Race on television is always a touchy subject. It has always been made clear to me by the powers that be that my race/ethnicity: Korean/Asian-American is not one to dwell on. Race is about blacks, browns and whites. I know that this is partially a result of Asians and our tendency to take things as they are and not make a big stink about it. We're always extolled for our great work ethic and that we're good at math and whatever. Shit, I have a great work ethic and I used to be great at math so...
But before I go off on a crazy longer-winded-than-usual rant on all that, I'll get back to what I wanted to post on. Two commercials I recently saw. One about a commercial by GE on the formation of the trans-continental railroad and one on a new TV show on TNT called Into the West.

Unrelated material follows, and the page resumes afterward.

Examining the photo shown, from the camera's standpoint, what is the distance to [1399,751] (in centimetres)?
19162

First, the GE commercial. I didn't catch the entire message of the commercial, Suffice it to say that it was how GE was integrally involved in the formation, funding and building, yadda yadda yadda... There were tons of images of people in the commercial ending with a slow set of steam engines coming to meet in the middle of the screen with people flocked all around them. Not a single Asian face. The Chinese were an integral part of the formation of the transcontinental railroad. I was taught that they bore the brunt of the labor in the West back then for this project. The Chinese are largely credited with bringing people out West by helping build that very railroad. And GE can't find a single Asian face to stick into their stupid commercial?

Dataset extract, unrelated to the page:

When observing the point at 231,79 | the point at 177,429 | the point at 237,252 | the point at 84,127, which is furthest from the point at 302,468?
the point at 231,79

Secondly, the Into the West commercial. It was a commercial for TNT I saw before the previews for the latest Star Wars movie I saw last week. It had little soundbites from the cast and crew. It's supposed to give us a whole new outlook on the West and the relations between the new settlers and the American Indians who were already there. One actor exclaimed how this is going to change the way we look at Native Americans. What way are we looking at them now? To me, it seems like we, as a country, are not looking at them at all. In fact, we're turning our backs on them. Corralling them into little plots of land where they are supposedly autonomous. Great! They get a nice ten square miles of jack shit and told to rule that land just like in the good ol' days. I think that this little mini-series will do jack shit for the relations between the American Indians left here and the rest of us, but I'd be pleased beyond belief for some lawmakers to prove me wrong.

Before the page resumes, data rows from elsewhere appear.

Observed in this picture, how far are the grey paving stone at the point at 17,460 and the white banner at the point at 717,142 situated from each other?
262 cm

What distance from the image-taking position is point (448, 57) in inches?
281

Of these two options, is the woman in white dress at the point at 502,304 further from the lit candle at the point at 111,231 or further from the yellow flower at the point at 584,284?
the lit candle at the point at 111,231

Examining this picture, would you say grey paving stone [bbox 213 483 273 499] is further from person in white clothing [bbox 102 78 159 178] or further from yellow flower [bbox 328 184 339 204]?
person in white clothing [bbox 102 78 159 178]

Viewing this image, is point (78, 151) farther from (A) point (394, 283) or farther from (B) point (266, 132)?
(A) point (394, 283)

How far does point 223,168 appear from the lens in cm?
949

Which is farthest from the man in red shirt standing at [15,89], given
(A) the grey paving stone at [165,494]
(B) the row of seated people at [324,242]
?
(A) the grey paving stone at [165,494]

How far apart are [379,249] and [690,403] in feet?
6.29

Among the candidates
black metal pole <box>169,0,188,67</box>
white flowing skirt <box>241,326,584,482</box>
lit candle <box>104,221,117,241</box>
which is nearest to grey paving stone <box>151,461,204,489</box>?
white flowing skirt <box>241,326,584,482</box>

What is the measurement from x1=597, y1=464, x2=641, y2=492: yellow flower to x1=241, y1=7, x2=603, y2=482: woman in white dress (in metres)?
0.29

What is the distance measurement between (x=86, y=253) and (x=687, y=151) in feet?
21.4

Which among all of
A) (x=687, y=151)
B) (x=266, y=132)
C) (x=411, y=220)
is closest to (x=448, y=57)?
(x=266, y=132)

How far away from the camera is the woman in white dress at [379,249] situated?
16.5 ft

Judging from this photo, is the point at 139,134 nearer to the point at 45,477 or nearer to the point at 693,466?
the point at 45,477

I know that Asian-Americans are downplayed in the large picture of race in America, but nobody is more underrepresentated than American Indians. I believe that Chris Rock said it well:
Nobody got it worse than the American Indians... Indians got it bad. Indians got it the worst. You know how bad the Indians got it?... When was the last time you met two Indians? You ain't never met two Indians... I have seen a polar bear ride a tricycle in my life. I have never seen an Indian family just chillin' out at Red Lobster
I grew up in Westchester County, NY and worked in New York City for about three years and went to college in Washington, DC for three years and now I've lived in the great city of Philadelphia for the past year. I have met one American Indian person in my twenty-five years here on this earth. I'm not trying to slight the underrepresentation of other countries here in America, but they weren't here until not long ago. My family only came here thirty years or so ago. How scattered, few and non-integrated are the true owners of this land? Maybe they'd rather not associate themselves with what this country has become.